Below are the records; extract from them the line containing "We are at 15320" to the line containing "All of the following", both lines included, exactly and with no pictures.

= Beginning of Section =

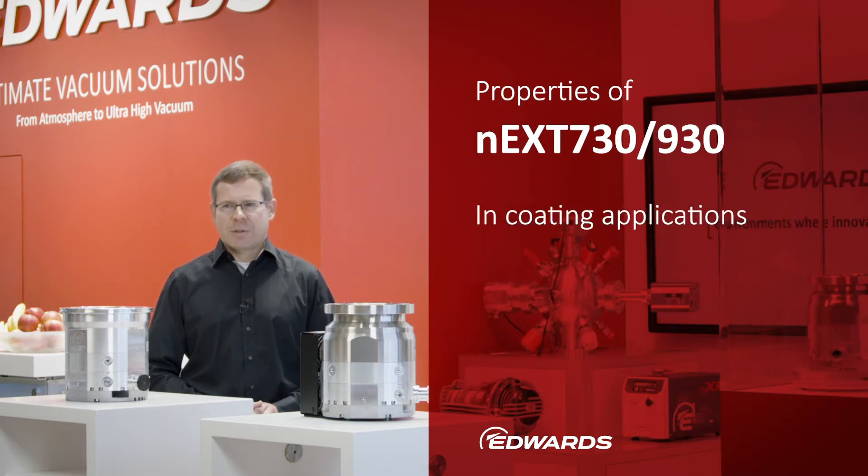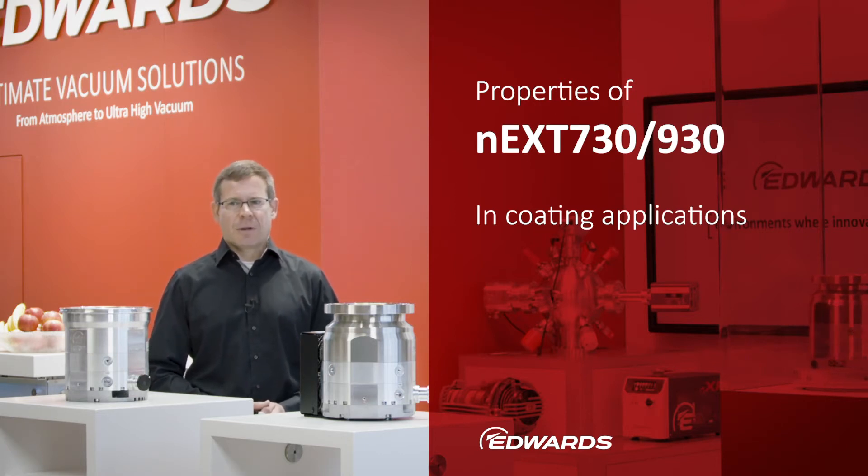In coating applications, and not only there, turbomolecular pumps are quite often exposed to influences that put a strain on the machines. Mechanical shock, for example, is not an uncommon phenomenon in these applications. Whether it is a fast-moving handling system or the solid door of a batch coater, such devices often exert an impulse-like mechanical stress on the turbopump.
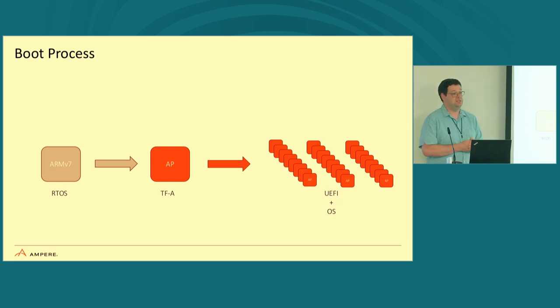In the boot process for a Neoverse design, you push the power button and the ARM V7 powers up first. In our case, this is an RTOS — we use a real-time OS as of Ampere One. This turns the lights on, brings the system up, then releases the first single application core, which loads what's known as TFA — Trusted Firmware A. TFA builds a secure and non-secure world and powers on all the other application cores, which then load the UEFI implementation. UEFI walks through its steps and loads the actual operating system.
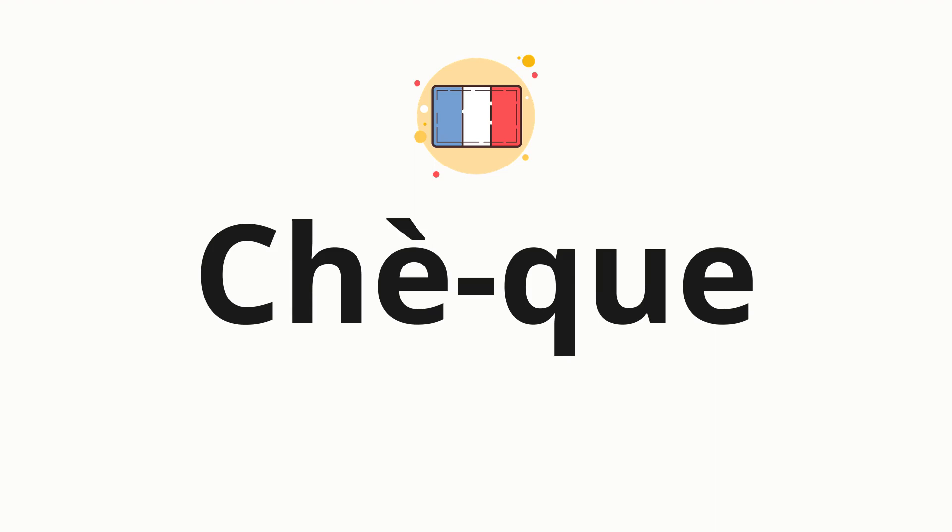Now, let's split the word into syllables, and then pronounce each syllable one by one. Che.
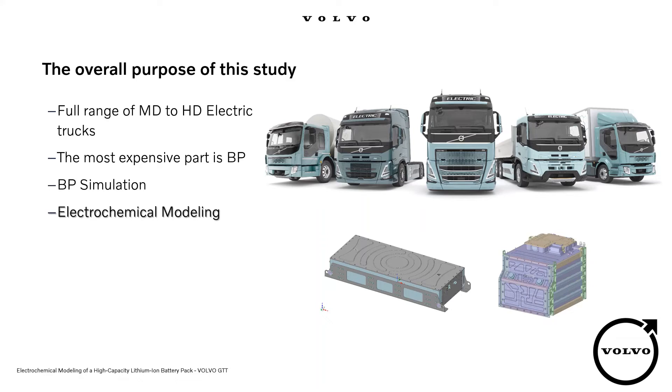Volvo Group has a long experience in BEVs and the Volvo Electric Bus has been running in cities since 2016-2017. Soon, Volvo Group will offer electric trucks with a range that covers almost half of the truck transport in Europe. The most expensive and sensitive component in BEVs is the battery pack. Therefore, to keep the quality of our product, we must give special consideration to the battery packs.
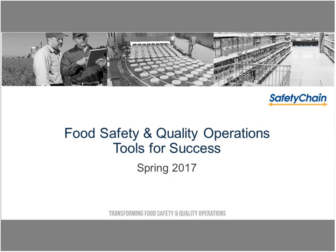Good morning or afternoon. Thank you for joining Safety Chain's Food Safety and Quality Operations Tools for Success webinar. We're delighted to have you with us today. Before we get started, I'm just going to go through a few housekeeping tips and then we'll go ahead and get going.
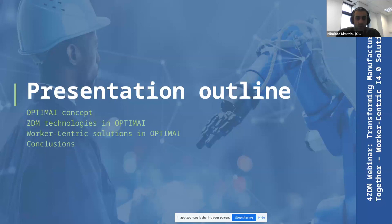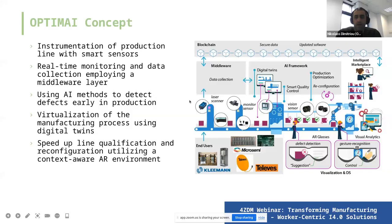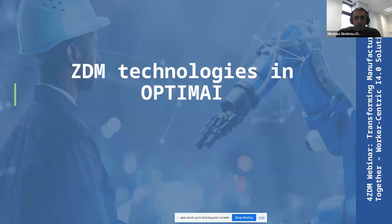Here is a conceptual overview of OptiMai. There are five main independent components: first, instrumentation of the production line through smart sensors; second, real-time monitoring from tutorial data and analysis; third, an AI component responsible for early detection of defects; fourth, virtualization; and finally, reconfiguration of the production line either based on AI results or through the use of augmented reality.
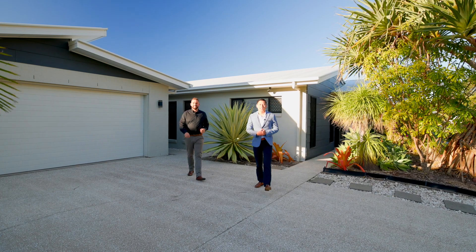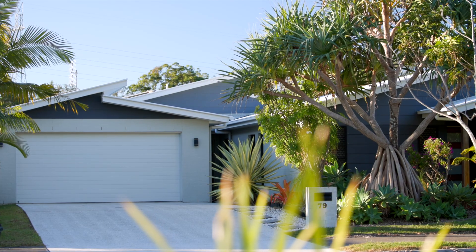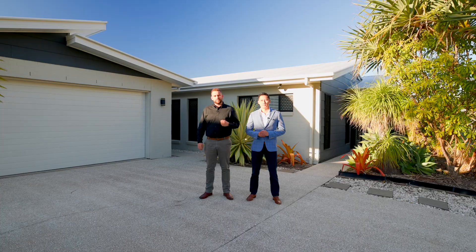Hey everyone, Kato and Jack here from Stacker Co. Property Consultants. Welcome to our latest listing, 79 Creekside Drive. This is a purpose-built dual living, beautiful home, park-facing. Come through and check it out.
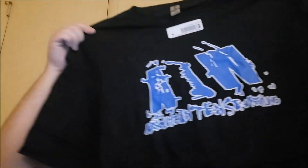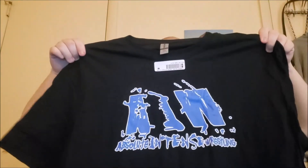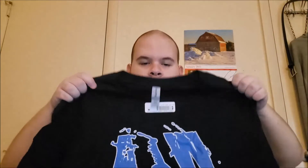This is the AIW shirt — what they call the blue logo. Y'all can see that. Just the front logo, no back. Pretty dope looking shirt.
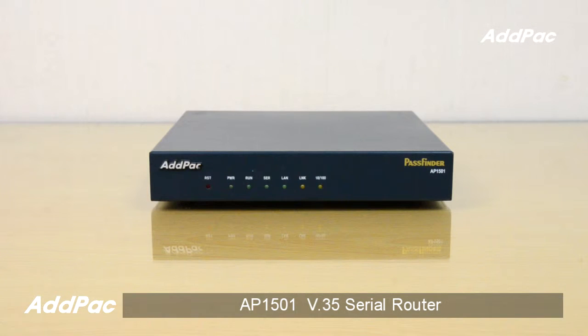Hi, I'm Sophia. I'm here to introduce you to the AP1501 CDR WAN Router.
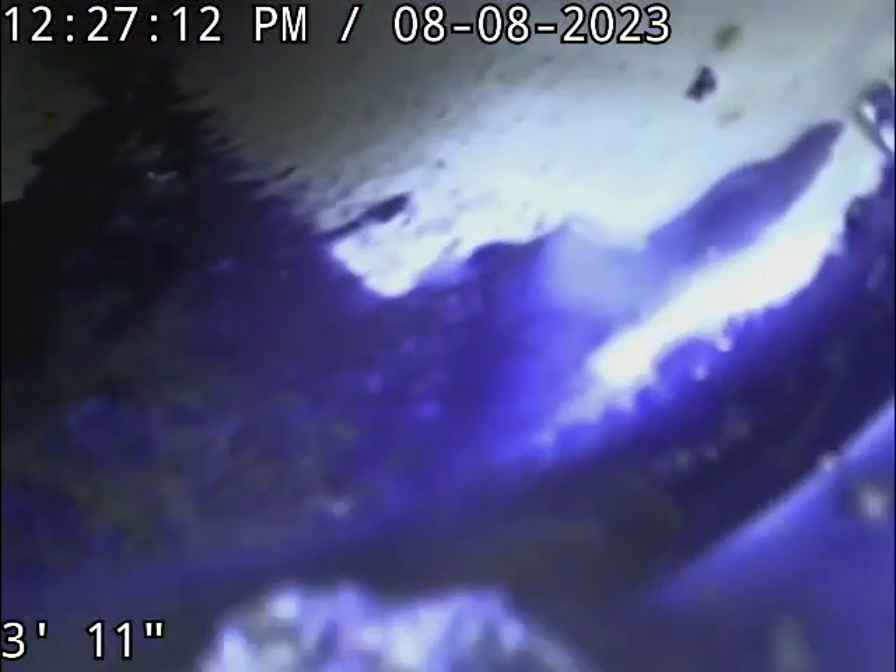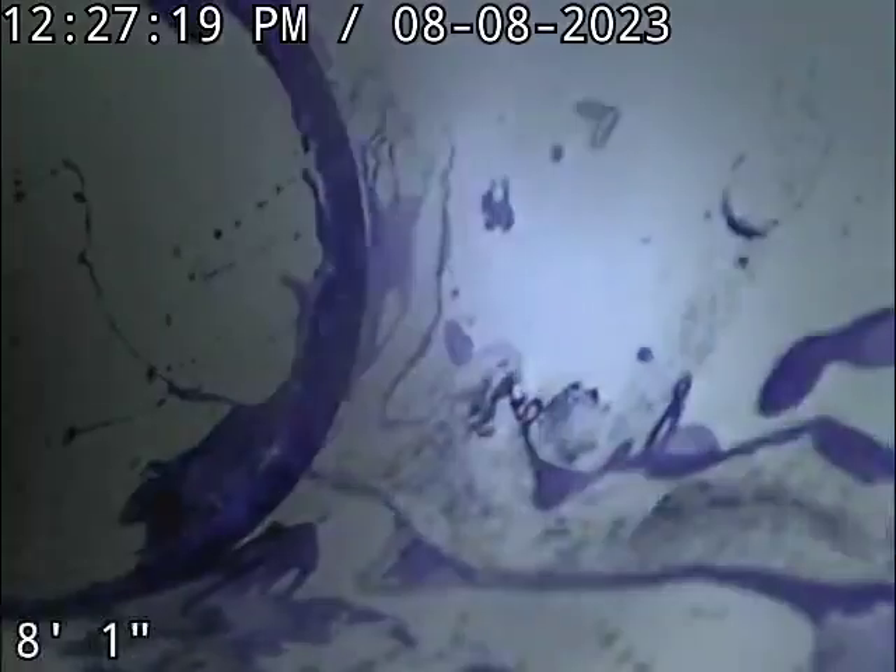We are at 15320 West 173rd Street in Olathe. We're in the basement, going through the plumbing stack because the floor access cap is sealed. This is the plumbing stack closest to the floor cleanout.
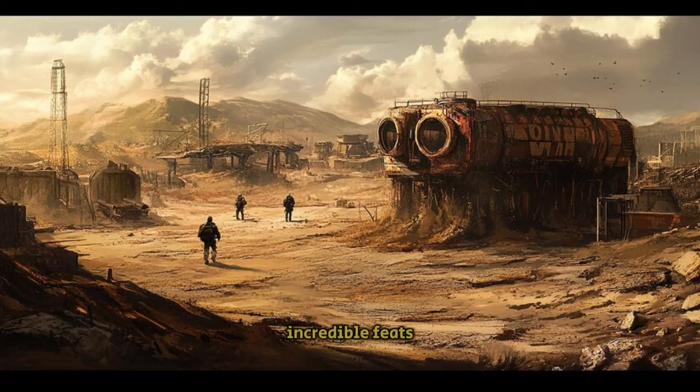History is filled with incredible feats of human ingenuity. Many of the technologies created by ancient civilizations continue to astound us today. From massive architectural marvels to intricate craftsmanship, the ancients possessed knowledge and skills that baffle modern experts.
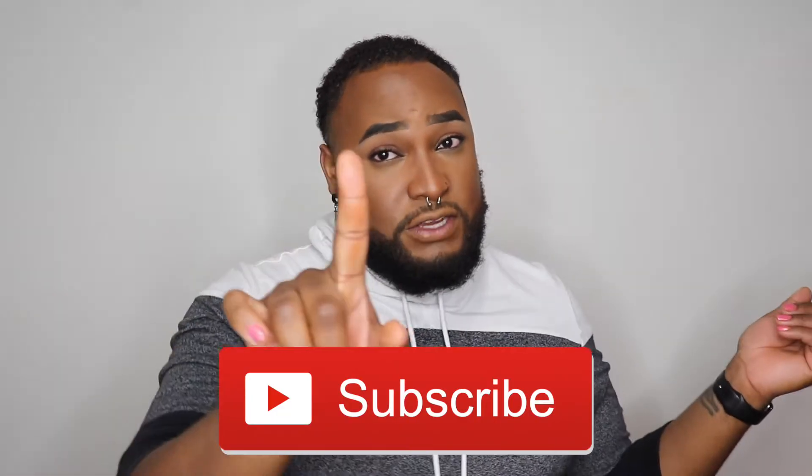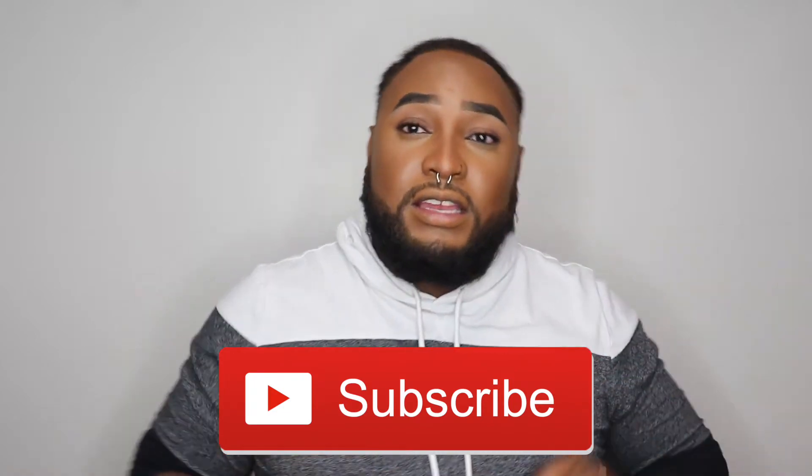Make sure you guys stick around because there is a special announcement at the end of this video, so watch it to the end. Before we start, if at any point you are enjoying this video, go ahead and give it a huge thumbs up, like, and support. Also, if you want to continue seeing my face on your YouTube feed, subscribe to my channel and hit that notification bell.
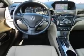Enjoy the drive and have peace of mind in this 2013 Acura ILX. See us at Woodfield Acura today.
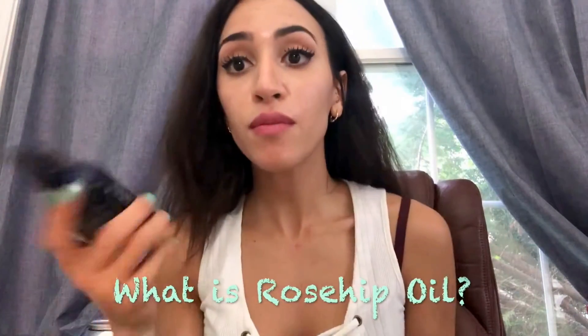So, what is rosehip oil and where does it come from? It comes from the rose flower, but not from the petals — that's the rose essential oil. This rosehip seed oil comes from the fruit, the seed and fruit left behind after the petals fall off the rose. It's cold pressed into this oil, and it's primarily produced in Chile, South America.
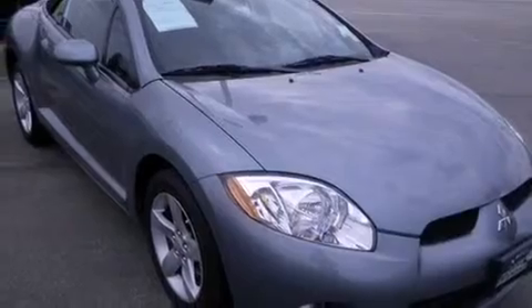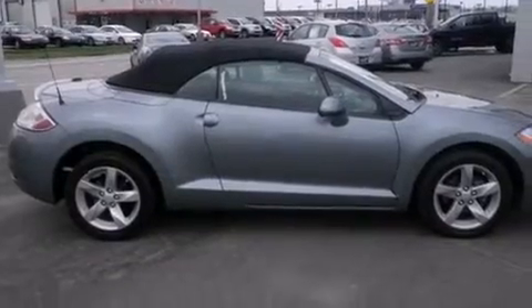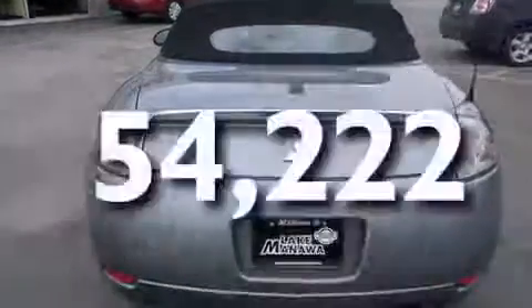All of the following features are included: alloy wheels, air conditioning, cruise control, a multi-disc CD player, a passenger side airbag, full power accessories, a rear window defroster, an anti-lock braking system, and speed sensitive wipers. This vehicle has fewer than 55,000 miles on the odometer.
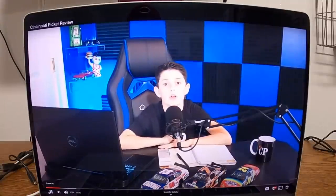Alright guys, so in this video I'm going to be reviewing an awesome reseller named John, also known as Cincinnati Picker. If you're a reseller and you've never heard of this guy, then you really need to step up your game because this guy's an all-star.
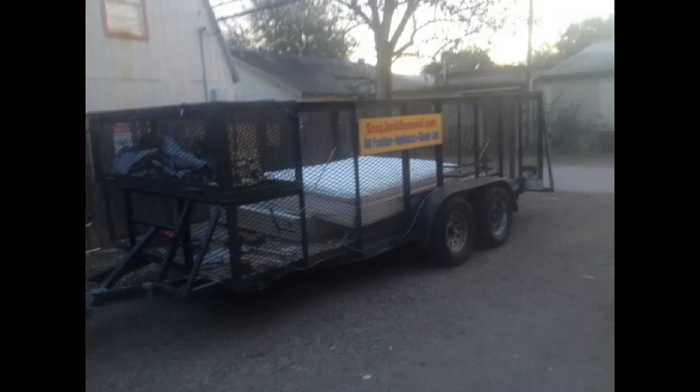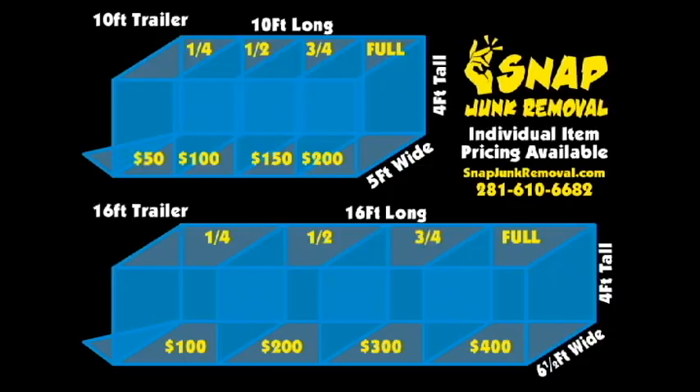We also have trailers twice the size. Our 16 foot long by 6.5 foot wide by 4 foot tall trailers cost $50 to fill an eighth of the way, $100 to fill a quarter of the way, $200 to fill halfway, $300 to fill three-quarters of the way, and $400 to fill all the way.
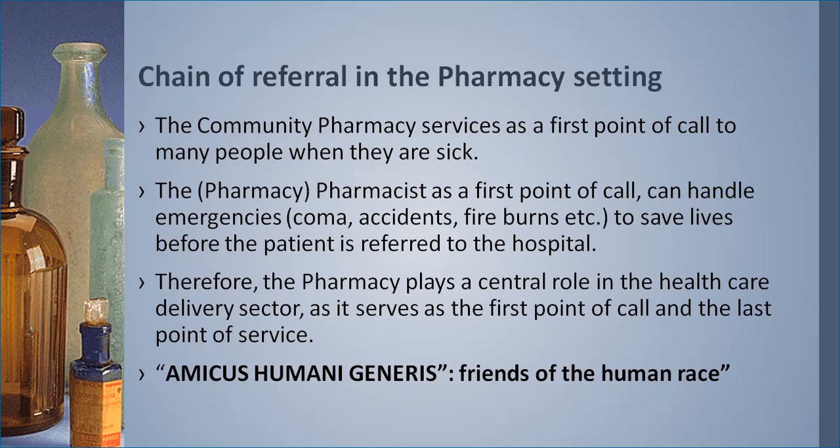Now let's look at the chain of referral in the pharmacy. The community pharmacy serves as the first point of call to many people when they are sick. The pharmacist as a first point of call can handle emergencies — when someone rushes in a patient who has convulsed, is in a coma, or has had an accident, burns, etc. These pharmacies provide emergency services to save lives before the patient is referred to the hospital. Therefore, the pharmacy plays a central role in healthcare delivery as both the first point of call and the last point of service.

= End of Section =

[ANSWER FOR THE TASK]:
We are at 15320 West 173rd Street in Olathe. We're in the basement, going through the plumbing stack because the floor access cap is sealed. This is the plumbing stack closest to the floor cleanout.
History is filled with incredible feats of human ingenuity. Many of the technologies created by ancient civilizations continue to astound us today. From massive architectural marvels to intricate craftsmanship, the ancients possessed knowledge and skills that baffle modern experts.
Make sure you guys stick around because there is a special announcement at the end of this video, so watch it to the end. Before we start, if at any point you are enjoying this video, go ahead and give it a huge thumbs up, like, and support. Also, if you want to continue seeing my face on your YouTube feed, subscribe to my channel and hit that notification bell.
Enjoy the drive and have peace of mind in this 2013 Acura ILX. See us at Woodfield Acura today.
So, what is rosehip oil and where does it come from? It comes from the rose flower, but not from the petals — that's the rose essential oil. This rosehip seed oil comes from the fruit, the seed and fruit left behind after the petals fall off the rose. It's cold pressed into this oil, and it's primarily produced in Chile, South America.
All of the following features are included: alloy wheels, air conditioning, cruise control, a multi-disc CD player, a passenger side airbag, full power accessories, a rear window defroster, an anti-lock braking system, and speed sensitive wipers. This vehicle has fewer than 55,000 miles on the odometer.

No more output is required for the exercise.